[Problem requirements]
Line by line, transcribe the material shown below exactly.

** Data supplied follows **

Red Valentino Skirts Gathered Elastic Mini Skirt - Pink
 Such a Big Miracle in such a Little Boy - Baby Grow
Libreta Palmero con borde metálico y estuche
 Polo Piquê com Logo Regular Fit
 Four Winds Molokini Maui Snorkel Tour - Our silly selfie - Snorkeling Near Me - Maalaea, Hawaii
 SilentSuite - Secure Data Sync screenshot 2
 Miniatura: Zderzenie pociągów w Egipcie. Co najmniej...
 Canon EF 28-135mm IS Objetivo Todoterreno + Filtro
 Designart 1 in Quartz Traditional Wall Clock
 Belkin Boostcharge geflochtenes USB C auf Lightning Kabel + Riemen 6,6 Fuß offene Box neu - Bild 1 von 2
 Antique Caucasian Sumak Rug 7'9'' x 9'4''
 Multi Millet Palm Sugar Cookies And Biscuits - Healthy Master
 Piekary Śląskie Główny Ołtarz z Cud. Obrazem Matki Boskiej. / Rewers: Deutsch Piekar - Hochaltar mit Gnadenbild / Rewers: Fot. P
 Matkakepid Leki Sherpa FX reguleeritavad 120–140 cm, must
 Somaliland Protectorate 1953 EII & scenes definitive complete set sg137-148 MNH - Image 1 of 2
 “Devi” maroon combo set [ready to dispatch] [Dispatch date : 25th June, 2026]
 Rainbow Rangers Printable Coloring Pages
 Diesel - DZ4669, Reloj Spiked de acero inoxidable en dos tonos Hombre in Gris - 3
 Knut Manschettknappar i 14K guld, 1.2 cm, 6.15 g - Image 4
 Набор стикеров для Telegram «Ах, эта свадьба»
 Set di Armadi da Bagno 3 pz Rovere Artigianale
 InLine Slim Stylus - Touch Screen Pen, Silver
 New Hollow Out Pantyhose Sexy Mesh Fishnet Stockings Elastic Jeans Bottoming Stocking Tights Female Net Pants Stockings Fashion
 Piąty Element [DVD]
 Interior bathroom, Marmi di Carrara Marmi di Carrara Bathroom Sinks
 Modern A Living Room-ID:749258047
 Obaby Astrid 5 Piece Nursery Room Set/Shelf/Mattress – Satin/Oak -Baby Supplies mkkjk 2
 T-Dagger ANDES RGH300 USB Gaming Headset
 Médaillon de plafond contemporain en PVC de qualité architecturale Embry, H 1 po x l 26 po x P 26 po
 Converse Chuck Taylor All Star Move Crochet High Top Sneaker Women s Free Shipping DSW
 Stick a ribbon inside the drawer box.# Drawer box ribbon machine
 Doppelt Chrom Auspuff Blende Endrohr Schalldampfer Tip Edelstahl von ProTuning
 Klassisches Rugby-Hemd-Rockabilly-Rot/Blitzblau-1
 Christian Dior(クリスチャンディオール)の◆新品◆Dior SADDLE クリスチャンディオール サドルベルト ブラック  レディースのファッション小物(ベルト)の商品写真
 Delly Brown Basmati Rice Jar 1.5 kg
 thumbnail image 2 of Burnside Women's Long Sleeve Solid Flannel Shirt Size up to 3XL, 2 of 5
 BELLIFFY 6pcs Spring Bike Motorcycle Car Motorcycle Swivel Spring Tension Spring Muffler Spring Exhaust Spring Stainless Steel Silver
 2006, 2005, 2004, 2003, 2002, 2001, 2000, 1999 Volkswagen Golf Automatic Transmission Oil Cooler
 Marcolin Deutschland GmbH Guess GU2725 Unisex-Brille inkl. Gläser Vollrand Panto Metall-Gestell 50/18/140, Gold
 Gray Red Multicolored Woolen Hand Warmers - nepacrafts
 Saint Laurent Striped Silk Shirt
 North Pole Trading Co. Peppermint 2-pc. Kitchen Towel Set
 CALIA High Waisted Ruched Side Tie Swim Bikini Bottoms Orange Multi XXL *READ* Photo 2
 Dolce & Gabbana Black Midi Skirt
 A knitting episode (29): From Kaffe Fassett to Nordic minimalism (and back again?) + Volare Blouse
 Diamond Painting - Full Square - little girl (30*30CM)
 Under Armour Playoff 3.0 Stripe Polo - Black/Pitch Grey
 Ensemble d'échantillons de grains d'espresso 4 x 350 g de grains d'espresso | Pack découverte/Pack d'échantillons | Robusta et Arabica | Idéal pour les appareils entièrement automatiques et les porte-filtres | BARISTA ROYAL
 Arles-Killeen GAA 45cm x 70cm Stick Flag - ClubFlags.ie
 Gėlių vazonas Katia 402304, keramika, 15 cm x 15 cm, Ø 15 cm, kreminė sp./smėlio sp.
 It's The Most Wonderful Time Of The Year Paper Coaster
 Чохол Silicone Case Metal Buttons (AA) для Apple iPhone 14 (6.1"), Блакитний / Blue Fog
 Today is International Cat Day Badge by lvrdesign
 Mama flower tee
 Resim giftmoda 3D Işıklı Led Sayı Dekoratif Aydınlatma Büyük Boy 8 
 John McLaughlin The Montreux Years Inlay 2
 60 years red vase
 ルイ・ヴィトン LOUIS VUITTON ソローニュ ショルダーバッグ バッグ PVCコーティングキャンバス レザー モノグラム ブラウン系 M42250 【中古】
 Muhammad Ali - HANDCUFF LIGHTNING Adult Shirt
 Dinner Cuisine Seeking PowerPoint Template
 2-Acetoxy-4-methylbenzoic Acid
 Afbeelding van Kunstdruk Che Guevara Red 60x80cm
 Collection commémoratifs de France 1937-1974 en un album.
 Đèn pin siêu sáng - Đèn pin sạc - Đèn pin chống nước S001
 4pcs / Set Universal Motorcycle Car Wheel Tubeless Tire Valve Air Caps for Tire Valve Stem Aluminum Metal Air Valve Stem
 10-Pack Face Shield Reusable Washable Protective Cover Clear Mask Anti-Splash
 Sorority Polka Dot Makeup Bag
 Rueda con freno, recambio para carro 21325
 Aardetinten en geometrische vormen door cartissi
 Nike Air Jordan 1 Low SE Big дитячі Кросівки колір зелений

** End of Data supplied **

[Solution]
Red Valentino Skirts Gathered Elastic Mini Skirt - Pink
 Such a Big Miracle in such a Little Boy - Baby Grow
Libreta Palmero con borde metálico y estuche
 Polo Piquê com Logo Regular Fit
 Four Winds Molokini Maui Snorkel Tour - Our silly selfie - Snorkeling Near Me - Maalaea, Hawaii
 SilentSuite - Secure Data Sync screenshot 2
 Miniatura: Zderzenie pociągów w Egipcie. Co najmniej...
 Canon EF 28-135mm IS Objetivo Todoterreno + Filtro
 Designart 1 in Quartz Traditional Wall Clock
 Belkin Boostcharge geflochtenes USB C auf Lightning Kabel + Riemen 6,6 Fuß offene Box neu - Bild 1 von 2
 Antique Caucasian Sumak Rug 7'9'' x 9'4''
 Multi Millet Palm Sugar Cookies And Biscuits - Healthy Master
 Piekary Śląskie Główny Ołtarz z Cud. Obrazem Matki Boskiej. / Rewers: Deutsch Piekar - Hochaltar mit Gnadenbild / Rewers: Fot. P
 Matkakepid Leki Sherpa FX reguleeritavad 120–140 cm, must
 Somaliland Protectorate 1953 EII & scenes definitive complete set sg137-148 MNH - Image 1 of 2
 “Devi” maroon combo set [ready to dispatch] [Dispatch date : 25th June, 2026]
 Rainbow Rangers Printable Coloring Pages
 Diesel - DZ4669, Reloj Spiked de acero inoxidable en dos tonos Hombre in Gris - 3
 Knut Manschettknappar i 14K guld, 1.2 cm, 6.15 g - Image 4
 Набор стикеров для Telegram «Ах, эта свадьба»
 Set di Armadi da Bagno 3 pz Rovere Artigianale
 InLine Slim Stylus - Touch Screen Pen, Silver
 New Hollow Out Pantyhose Sexy Mesh Fishnet Stockings Elastic Jeans Bottoming Stocking Tights Female Net Pants Stockings Fashion
 Piąty Element [DVD]
 Interior bathroom, Marmi di Carrara Marmi di Carrara Bathroom Sinks
 Modern A Living Room-ID:749258047
 Obaby Astrid 5 Piece Nursery Room Set/Shelf/Mattress – Satin/Oak -Baby Supplies mkkjk 2
 T-Dagger ANDES RGH300 USB Gaming Headset
 Médaillon de plafond contemporain en PVC de qualité architecturale Embry, H 1 po x l 26 po x P 26 po
 Converse Chuck Taylor All Star Move Crochet High Top Sneaker Women s Free Shipping DSW
 Stick a ribbon inside the drawer box.# Drawer box ribbon machine
 Doppelt Chrom Auspuff Blende Endrohr Schalldampfer Tip Edelstahl von ProTuning
 Klassisches Rugby-Hemd-Rockabilly-Rot/Blitzblau-1
 Christian Dior(クリスチャンディオール)の◆新品◆Dior SADDLE クリスチャンディオール サドルベルト ブラック  レディースのファッション小物(ベルト)の商品写真
 Delly Brown Basmati Rice Jar 1.5 kg
 thumbnail image 2 of Burnside Women's Long Sleeve Solid Flannel Shirt Size up to 3XL, 2 of 5
 BELLIFFY 6pcs Spring Bike Motorcycle Car Motorcycle Swivel Spring Tension Spring Muffler Spring Exhaust Spring Stainless Steel Silver
 2006, 2005, 2004, 2003, 2002, 2001, 2000, 1999 Volkswagen Golf Automatic Transmission Oil Cooler
 Marcolin Deutschland GmbH Guess GU2725 Unisex-Brille inkl. Gläser Vollrand Panto Metall-Gestell 50/18/140, Gold
 Gray Red Multicolored Woolen Hand Warmers - nepacrafts
 Saint Laurent Striped Silk Shirt
 North Pole Trading Co. Peppermint 2-pc. Kitchen Towel Set
 CALIA High Waisted Ruched Side Tie Swim Bikini Bottoms Orange Multi XXL *READ* Photo 2
 Dolce & Gabbana Black Midi Skirt
 A knitting episode (29): From Kaffe Fassett to Nordic minimalism (and back again?) + Volare Blouse
 Diamond Painting - Full Square - little girl (30*30CM)
 Under Armour Playoff 3.0 Stripe Polo - Black/Pitch Grey
 Ensemble d'échantillons de grains d'espresso 4 x 350 g de grains d'espresso | Pack découverte/Pack d'échantillons | Robusta et Arabica | Idéal pour les appareils entièrement automatiques et les porte-filtres | BARISTA ROYAL
 Arles-Killeen GAA 45cm x 70cm Stick Flag - ClubFlags.ie
 Gėlių vazonas Katia 402304, keramika, 15 cm x 15 cm, Ø 15 cm, kreminė sp./smėlio sp.
 It's The Most Wonderful Time Of The Year Paper Coaster
 Чохол Silicone Case Metal Buttons (AA) для Apple iPhone 14 (6.1"), Блакитний / Blue Fog
 Today is International Cat Day Badge by lvrdesign
 Mama flower tee
 Resim giftmoda 3D Işıklı Led Sayı Dekoratif Aydınlatma Büyük Boy 8 
 John McLaughlin The Montreux Years Inlay 2
 60 years red vase
 ルイ・ヴィトン LOUIS VUITTON ソローニュ ショルダーバッグ バッグ PVCコーティングキャンバス レザー モノグラム ブラウン系 M42250 【中古】
 Muhammad Ali - HANDCUFF LIGHTNING Adult Shirt
 Dinner Cuisine Seeking PowerPoint Template
 2-Acetoxy-4-methylbenzoic Acid
 Afbeelding van Kunstdruk Che Guevara Red 60x80cm
 Collection commémoratifs de France 1937-1974 en un album.
 Đèn pin siêu sáng - Đèn pin sạc - Đèn pin chống nước S001
 4pcs / Set Universal Motorcycle Car Wheel Tubeless Tire Valve Air Caps for Tire Valve Stem Aluminum Metal Air Valve Stem
 10-Pack Face Shield Reusable Washable Protective Cover Clear Mask Anti-Splash
 Sorority Polka Dot Makeup Bag
 Rueda con freno, recambio para carro 21325
 Aardetinten en geometrische vormen door cartissi
 Nike Air Jordan 1 Low SE Big дитячі Кросівки колір зелений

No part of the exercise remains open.